So far this year we've raised 300 Cornish X and only had 3 missing. They disappeared at 7 weeks old. Think a neighbor 'borrowed' them-we have caught them in the act before stealing some of the seramas we had in that very same pen. We now have day/night cameras and locks. Sad for them-if they asked we would have given. Color breeding Seramas produces many extras. Out of each 1000 chicks we'll probably keep 25-30 birds. Last year and so far this year over 3400 birds (8 different species) went home with young 4-H kids (FREE). The more knowledgeable they were about the chickens the better quality (show) of birds went home with them. So many kids just wanted a pet. Some groups come a long way (Chicago-Detroit-Colorado)in buses and would take as many as 250 birds. We never give Serama chicks away until they are 4 weeks old-that way they can stand the stress.

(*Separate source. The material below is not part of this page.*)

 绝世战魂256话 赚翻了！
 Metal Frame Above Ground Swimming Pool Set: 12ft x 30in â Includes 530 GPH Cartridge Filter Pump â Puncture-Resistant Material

I think the reason for our success with Cornish X is we limit feed (except busy food) to what they will eat when it is first placed in with them. Then as they begin to 'walk' away from the table (20-30 minutes) we take the feeders out and repeat this 3-4 times a day while constantly monitoring their weight. If there is any 'puffy' fat like spots under their wings or on the breast under the crop (possibly water retention) we shorten the feeding time for a day or two. We give plenty of water with vitamins/minerals in them at twice the recommended rate. The first week we also add 1 tablespoon of honey and corn syrup per gallon of water. They are so full of those tiny trace things we hear about. We keep them on wire bottom brooder (home made) until they are about 3 weeks old and have feathered out enough to keep them somewhat warm. Then out in the inside/outside pens they go. We have waters and feeders as far apart as possible so they get plenty of exercise. Got to go-will 'talk' later.